January 31, 2014
Mortgage rates moved forcefully lower today, bringing them well past previous 2014 lows and back in line with levels not seen since November 19th. Overnight weakness in equities and foreign markets continues to promote strength in US bond markets, including the mortgage-backed-securities (MBS) that most directly influence mortgage rates. This further solidifies 4.375% as the most prevalently quoted conforming 30yr fixed rate for ideal borrowers (best-execution). For some lenders, that rate remains 4.5%, but for the most aggressive lenders 4.25% is a close contender for utterly flawless scenarios. When adjusted for day to day changes in closing costs, rates fell an equivalent of 0.07% today.
Once the sharp move higher in mortgage rates during 2013 topped out in the first week of September, bond markets have been cycling between those highs and corrective lows roughly half a point away. If you look at that phenomenon in terms of 10yr US Treasuries, that's been taking place between 3.0% and 2.5% in general. The analogous range for mortgage rates has been roughly 4.75% to 4.25%.
The first day of 2014 marked the high point in one of these cycles and we've been in the corrective pattern ever since. The question remains: will this instance of correction prove to be just as pronounced as the one ending in late October? Thankfully, if you don't want to try to predict the future, we've already covered so much ground that it wouldn't be a bad idea to take the improvements that are on the table and lock in your rate.
Loan Originator Perspectives
"Today's rate sheets are the best I have seen in months as lenders finally passed along some of the recent improvements. Lots of important data next week including non farm payrolls on Friday. I strongly advise anyone closing within the next 30 days to go ahead and lock in today." -Victor Burek, Open Mortgage
"Lock 'em up! When it comes to rates, there is always a chance that rates can go up or go down and right now is no different. However, I think after what has been some consistent improvement, right now the odds are greater we see them INCREASE vs decrease. I strongly suggest taking your gains." -Brent Borcherding, Capital M Lending
" I'm advising to lock in advance of the jobs report next week. This despite a chance that rates keep dropping due to another bad report. There's also a chance the report is good and rates still drop. In either case if rates drop after locking then renegotiate down." -Michael Owens, VP of Mortgage Lending at Guaranteed Rate, Inc.
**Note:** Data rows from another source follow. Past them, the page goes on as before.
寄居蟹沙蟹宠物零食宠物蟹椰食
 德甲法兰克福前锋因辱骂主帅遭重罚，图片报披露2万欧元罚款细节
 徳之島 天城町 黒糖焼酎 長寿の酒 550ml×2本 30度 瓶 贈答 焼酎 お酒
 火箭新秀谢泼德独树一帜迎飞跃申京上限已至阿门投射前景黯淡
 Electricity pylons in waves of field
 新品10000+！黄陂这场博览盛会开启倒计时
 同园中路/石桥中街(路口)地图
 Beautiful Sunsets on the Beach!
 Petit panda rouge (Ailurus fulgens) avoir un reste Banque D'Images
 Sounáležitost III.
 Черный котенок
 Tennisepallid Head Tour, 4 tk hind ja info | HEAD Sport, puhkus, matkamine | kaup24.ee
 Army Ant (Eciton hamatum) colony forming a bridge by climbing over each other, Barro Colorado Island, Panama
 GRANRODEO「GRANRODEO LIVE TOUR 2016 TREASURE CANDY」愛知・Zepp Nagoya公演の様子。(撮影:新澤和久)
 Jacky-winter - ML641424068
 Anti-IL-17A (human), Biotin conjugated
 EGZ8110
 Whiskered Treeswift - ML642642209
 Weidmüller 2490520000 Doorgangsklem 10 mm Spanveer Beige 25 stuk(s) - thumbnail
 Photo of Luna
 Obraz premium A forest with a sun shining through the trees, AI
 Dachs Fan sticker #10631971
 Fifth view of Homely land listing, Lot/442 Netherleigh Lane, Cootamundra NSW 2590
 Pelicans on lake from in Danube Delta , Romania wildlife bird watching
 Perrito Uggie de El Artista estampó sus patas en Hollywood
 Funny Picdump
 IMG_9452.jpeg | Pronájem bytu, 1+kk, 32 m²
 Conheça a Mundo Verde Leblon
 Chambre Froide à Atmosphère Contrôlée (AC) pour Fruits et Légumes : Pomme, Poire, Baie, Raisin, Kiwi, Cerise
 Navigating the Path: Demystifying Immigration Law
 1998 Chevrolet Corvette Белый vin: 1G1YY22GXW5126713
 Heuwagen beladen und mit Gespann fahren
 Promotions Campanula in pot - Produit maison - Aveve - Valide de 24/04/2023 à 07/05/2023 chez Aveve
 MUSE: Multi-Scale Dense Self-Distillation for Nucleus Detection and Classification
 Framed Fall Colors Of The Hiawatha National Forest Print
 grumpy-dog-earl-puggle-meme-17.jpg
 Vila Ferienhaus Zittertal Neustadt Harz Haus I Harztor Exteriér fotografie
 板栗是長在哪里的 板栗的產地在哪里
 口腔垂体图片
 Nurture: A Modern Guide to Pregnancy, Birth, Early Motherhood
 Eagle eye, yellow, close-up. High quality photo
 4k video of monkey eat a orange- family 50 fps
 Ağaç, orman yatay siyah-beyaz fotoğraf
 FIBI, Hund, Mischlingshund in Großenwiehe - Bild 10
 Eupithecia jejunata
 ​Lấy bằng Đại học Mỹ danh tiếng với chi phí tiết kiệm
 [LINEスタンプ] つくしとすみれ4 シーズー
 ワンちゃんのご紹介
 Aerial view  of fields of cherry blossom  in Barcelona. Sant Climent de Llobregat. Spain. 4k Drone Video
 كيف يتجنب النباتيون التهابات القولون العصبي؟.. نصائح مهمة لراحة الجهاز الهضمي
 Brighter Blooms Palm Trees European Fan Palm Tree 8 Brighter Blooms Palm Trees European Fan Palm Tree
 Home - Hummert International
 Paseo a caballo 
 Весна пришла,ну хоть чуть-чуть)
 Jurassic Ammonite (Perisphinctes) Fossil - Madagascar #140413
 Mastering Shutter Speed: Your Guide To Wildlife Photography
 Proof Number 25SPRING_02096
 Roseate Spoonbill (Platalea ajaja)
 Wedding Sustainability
NMLS # 107434
Today's Best-Execution Rates
- 30YR FIXED - 4.375%
- FHA/VA - 4.25%
- 15 YEAR FIXED - 3.375%
- 5 YEAR ARMS - 3.0-3.50% depending on the lender
Ongoing Lock/Float Considerations
- The prospect of the Fed reducing its asset purchases weighed heavy on interest rates for the 2nd half of 2013, causing volatility and generally pervasive upward movement.
- Tapering ultimately happened on December 18th, 2013. Markets had done so much to come to terms with it ahead of time that it essentially just confirmed the the 6 month move higher in rates, but didn't make for another immediate spike higher.
- Rates moved gradually higher into the end of 2013 and began to move gradually lower into the beginning of 2014, helped along by a weak employment report on January 10th. This report raised doubts as to whether or not the Fed would continue tapering asset purchases at the same pace, but it was ultimately a flare up in emerging markets and weakness in stocks that fueled bond-market positivity and allowed rates to hit 2014 lows on the same afternoon the Fed reduced asset purchases by another $10bln.
- With that in mind, further interest rate resilience in the face of tapering only looks limited by ability of emerging markets and equities to continue being weak.
- (As always, please keep in mind that our Best-Execution rate always pertains to a completely ideal scenario. There are many reasons a quoted rate may differ from our average rates, and in those cases, assuming you're following along on a day to day basis, simply use the Best-Ex levels we quote as a baseline to track potential movement in your quoted rate).